Compensaba así mi capacidad para comprender.
No estoy curada. Aún hoy en día me encuentro
preguntándome muchas absurdeces que, a las cabezas de algunos que, seguramente
son muy intelectuales darían vergüenza. Mientras tanto lo único que sé, es que
en estos casos la literatura es el único sitio habitable. El escaparate
perfecto.
Durante mi infancia yo nunca quise otro cuento ni
otra historia, más que El príncipe feliz. Será que aquellos libros que papá
traía a casa, no los entendía. Mis primeras lecturas memorables y elegidas eran
creaciones de Oscar Wilde. Ese hombre cínico y mordaz, de relatos de gigantes,
aves y fantasmas, llenos de armonía, pero desgraciados.
Por muchos es sabido que Wilde fue enjuiciado y
encerrado en la cárcel. Mientras se le enjuiciaba hizo ver a quienes lo
juzgaban, como carentes de imaginación y sentido común. Fue un hombre de
actitud irónica y desafiante, incapaz de abandonar el sentido del humor. Sin
embargo de todas las virtudes la que más le admiré, fue la franqueza.
Es “la verdad” aquello que se asoma detrás de la
decadencia del hombre; y su grandeza, su vergüenza. Oscar nos ridiculiza al tiempo que desnuda y descubre nuestra alma.
Desconociendo yo, aun las razones que le llevaban a
escribir sus cuentos para niños y desconociendo su vida, me emocionaba con
relatos conmovedores cuya enseñanza rondaba en los sentimientos más puros como
el amor, la amistad, la sabiduría y la piedad.
Quién sabe si Oscar habiendo conocido las dos caras
del mundo, la riqueza y la miseria, encontró la verdadera belleza.

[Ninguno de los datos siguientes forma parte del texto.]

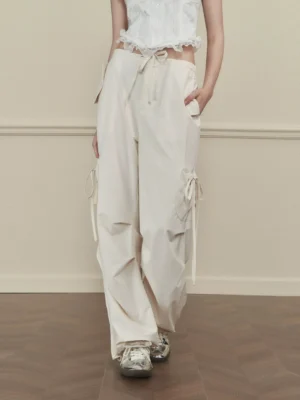 Women's apricot side-tie wide-leg cargo pants with drawstring waist and utility pockets styled with a white cropped top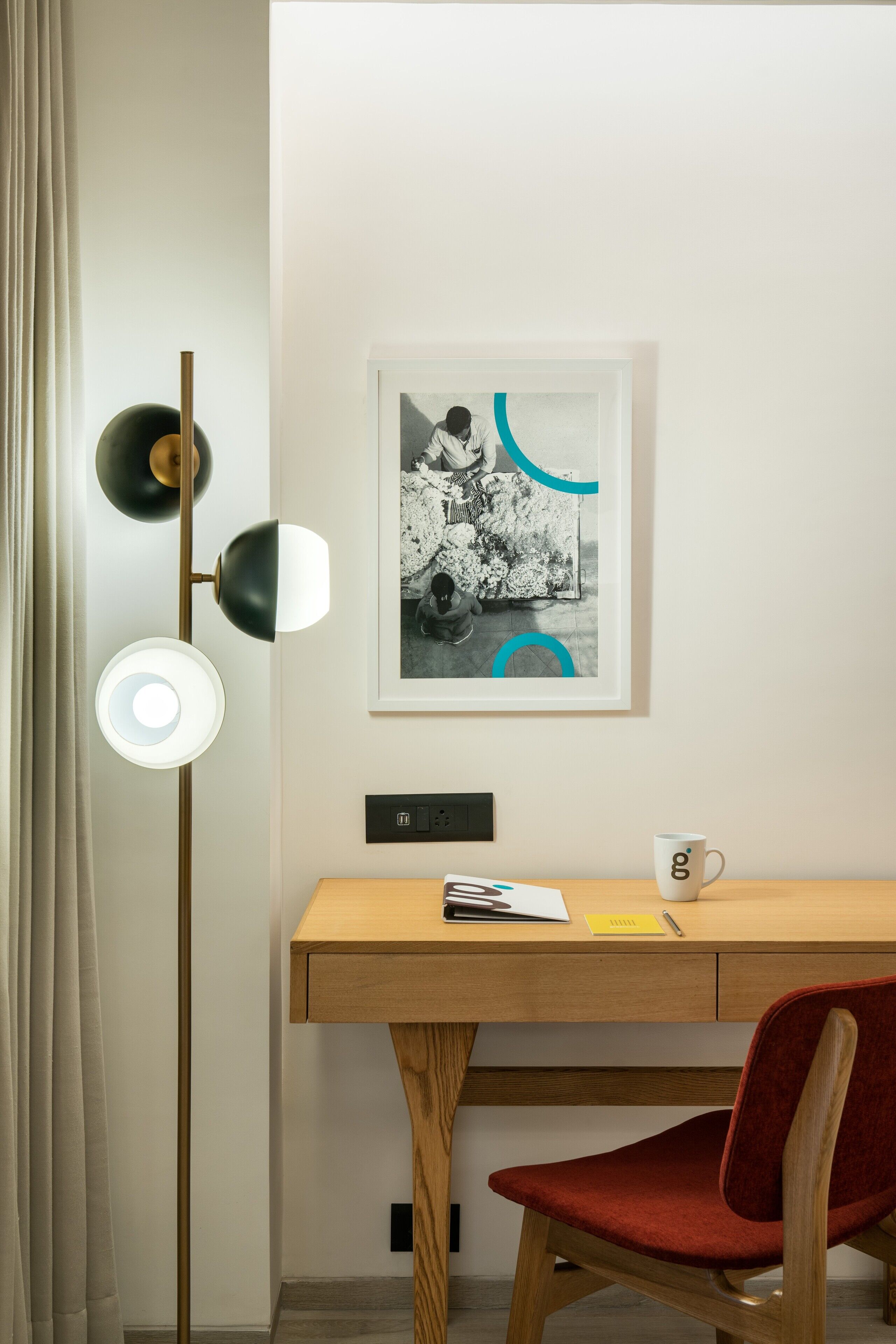 A modern office space with a desk, chair, and a floor lamp.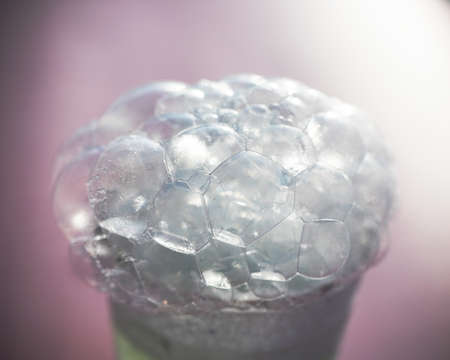 A glass with soap foam and bubbles on a blue background.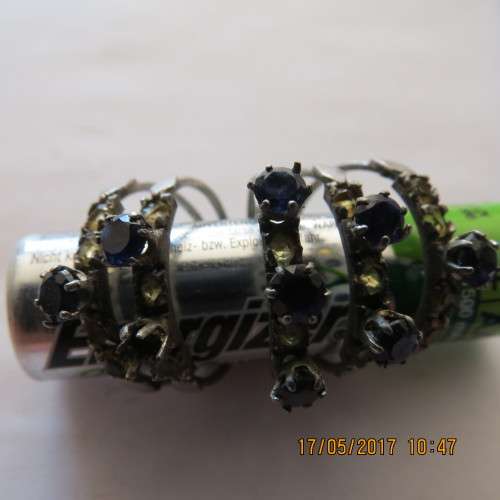 Blue and yellow stone multi ring (5 rings connected at bottom), one blue stone missing, as per photo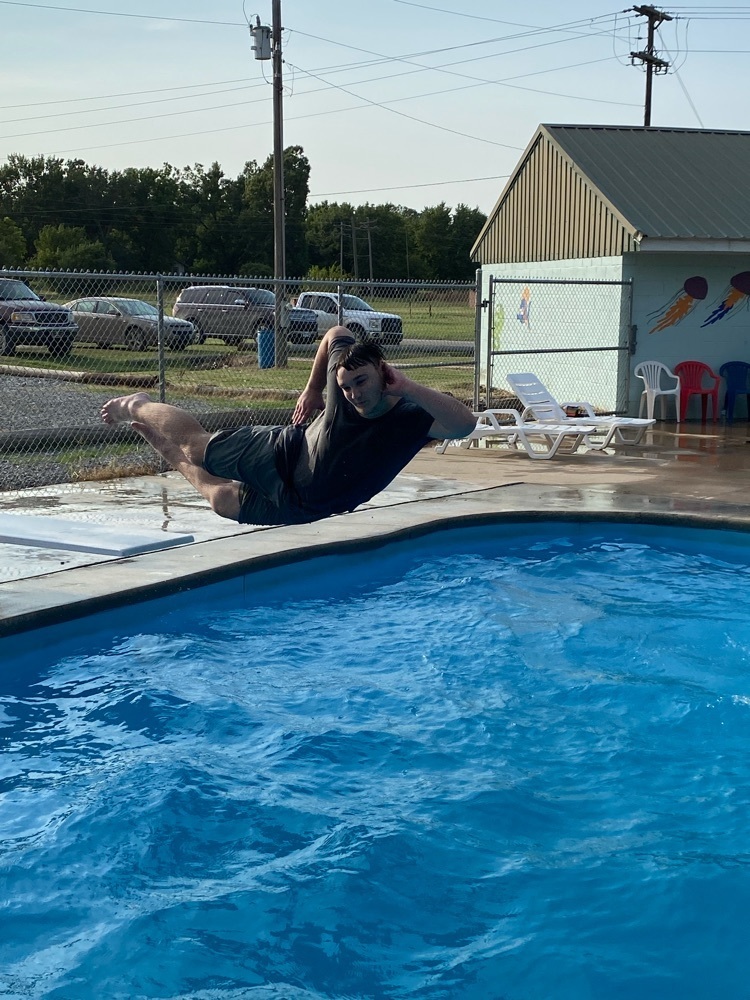 boy jump in pool 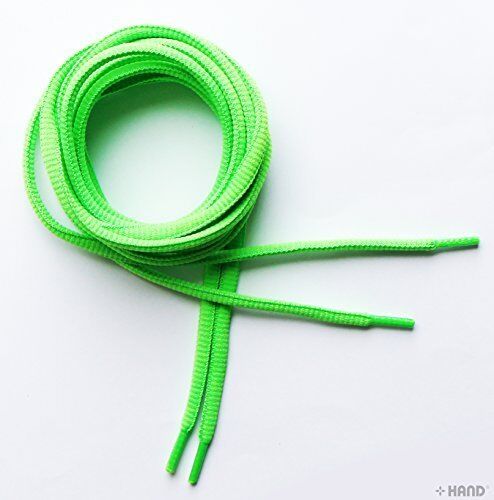 Close-up of neon green oval trainer shoe lace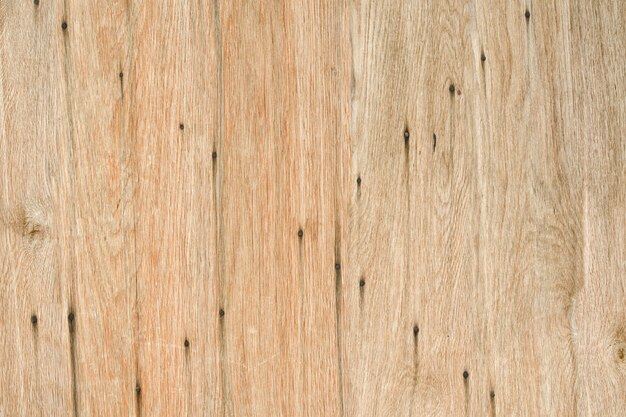 Wooden background with rusted nails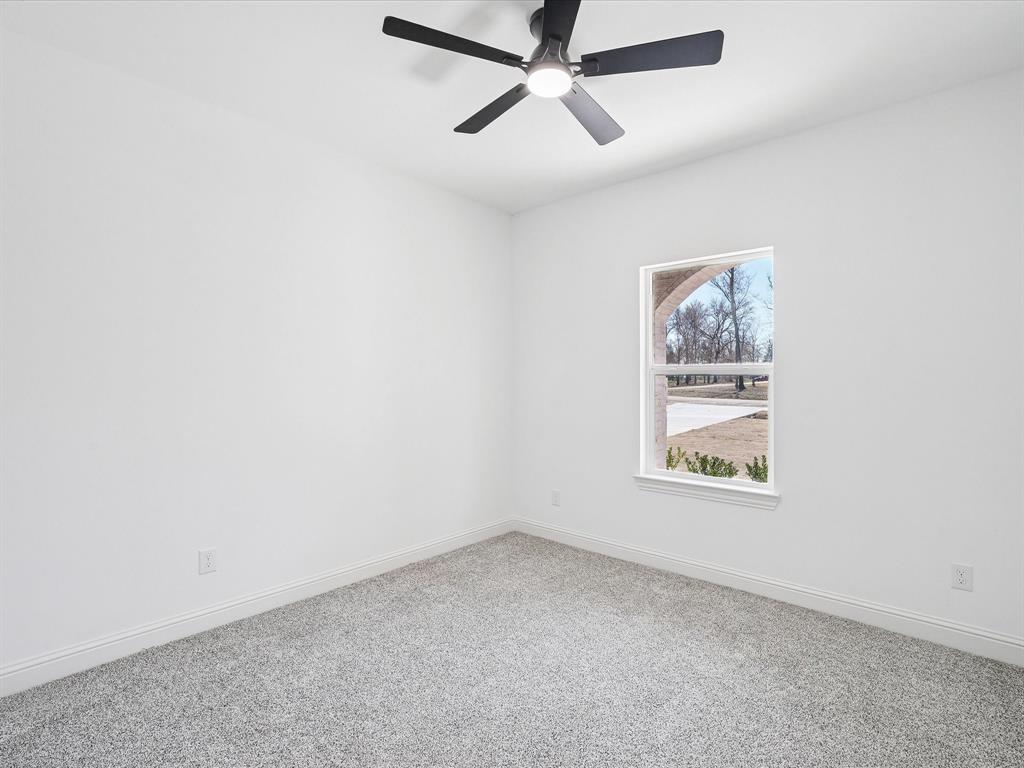 448 Rs County Road Alba, TX 75410 - Photo 7 of 29 an empty room with a window and a fan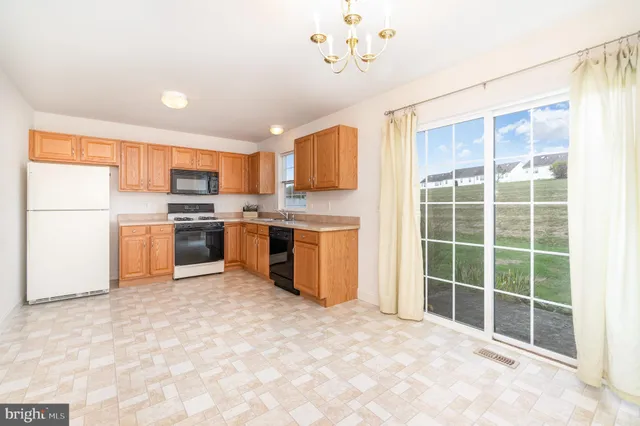 a kitchen with a refrigerator a stove top oven and a sink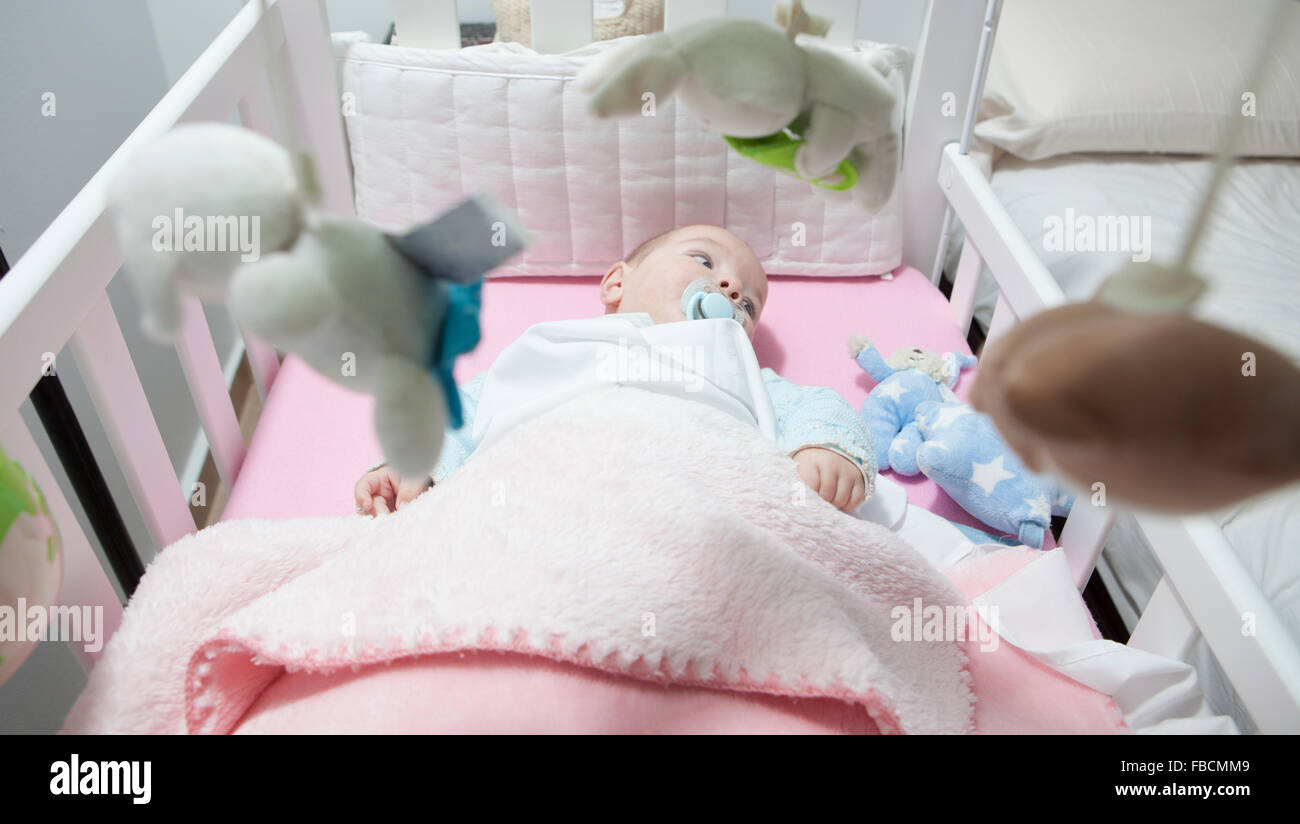 Awake four month baby boy lying in white cot with mobile. Overhead view Stock Photo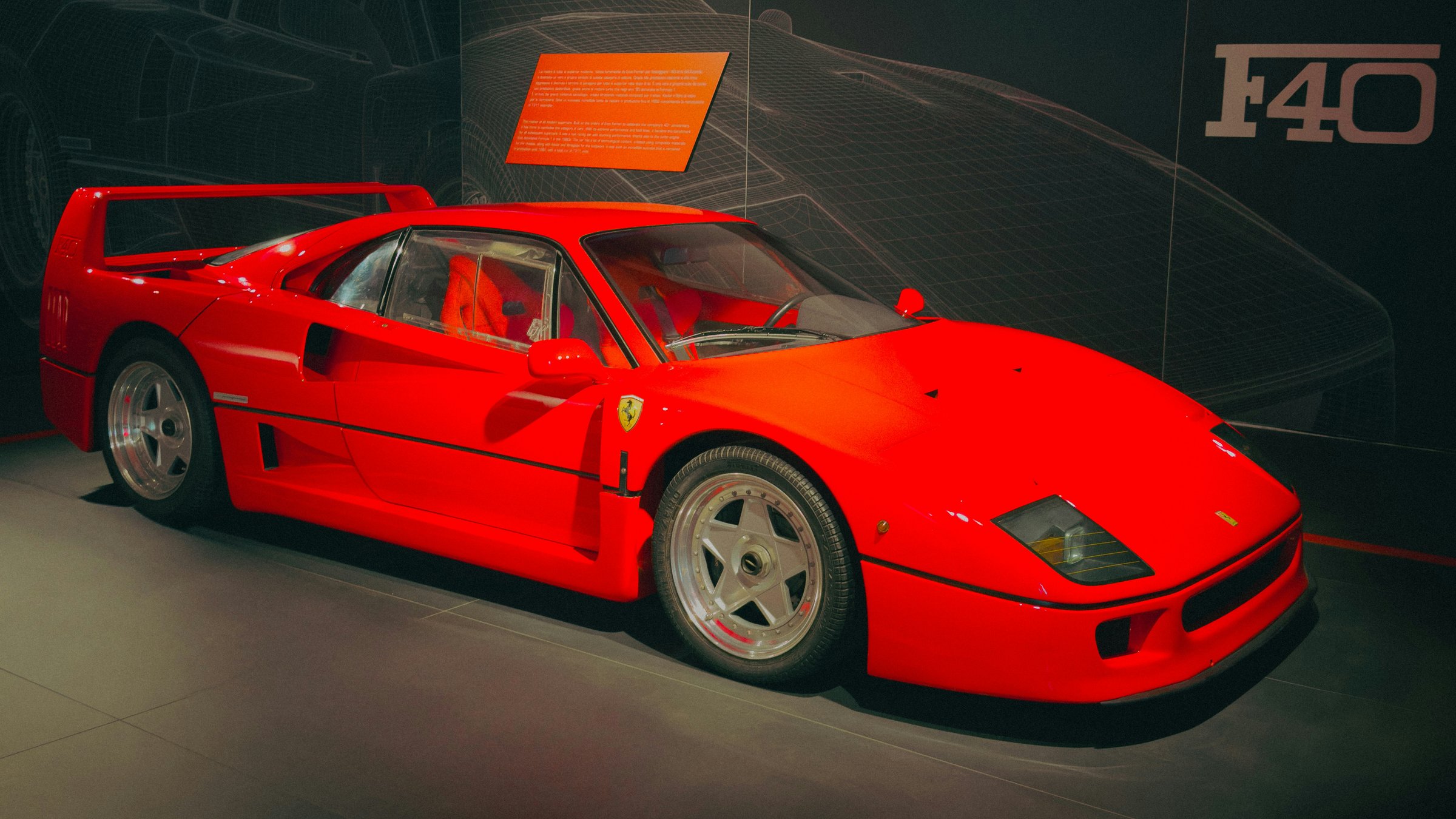 A red Ferrari F40 under dramatic warm light in the Maranello museum display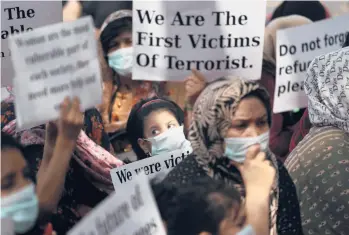  ?? MANISH SWARUP/AP ?? Afghan refugees markWomen’s Day in India: Afghan refugee women living in India hold placards during a demonstrat­ion Monday to mark Internatio­nal Women’s Day in New Delhi. The Afghan women were calling attention to their living conditions and requesting more support from the United Nations and the Indian government.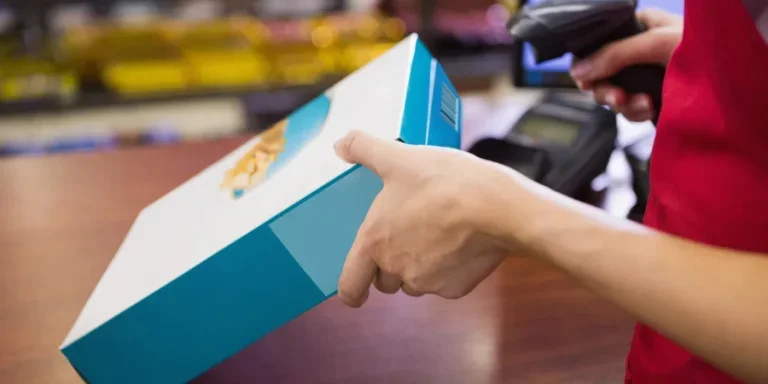 Female worker scanning cereal box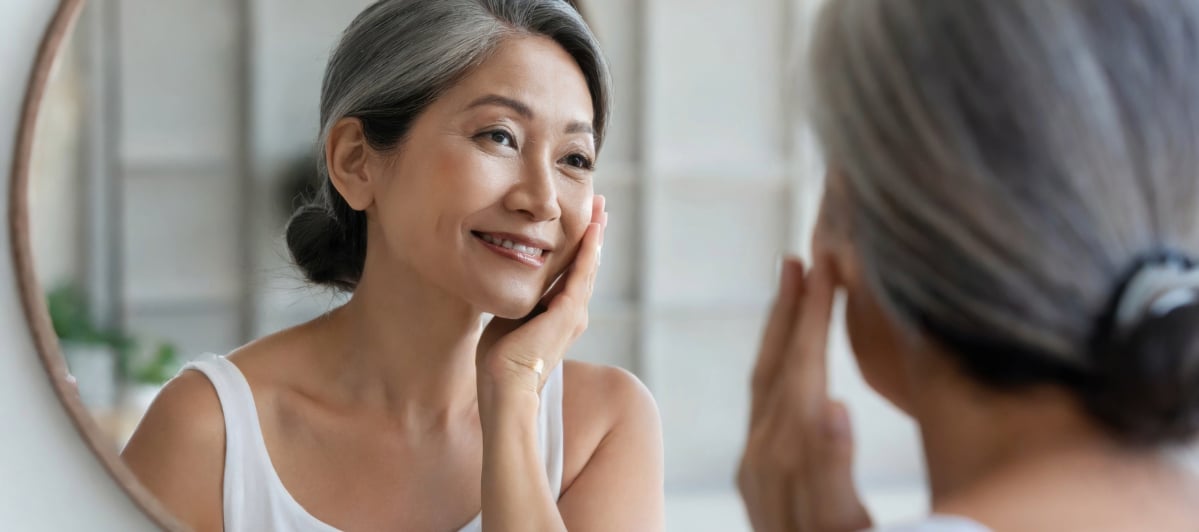 The Science Behind Platelet-Rich Plasma Therapy-4-Face A woman smiles and touches her face as she looks in the mirror after platelet-rich plasma therapy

Pero yo ahora, cada vez que necesito recordar lo que
para mí verdaderamente importa, sin importar lo que se sepa o lo que se crea, si
existen letras, después del juicio, después del ruido del mundo, siento al
gigante llamar: -golondrina,
golondrinita, al pie de cualquier cielo y cualquier canto. Recuerdo al que alguna vez mi amado fue: su cubierta era de oro y de plomo olvidado su corazón.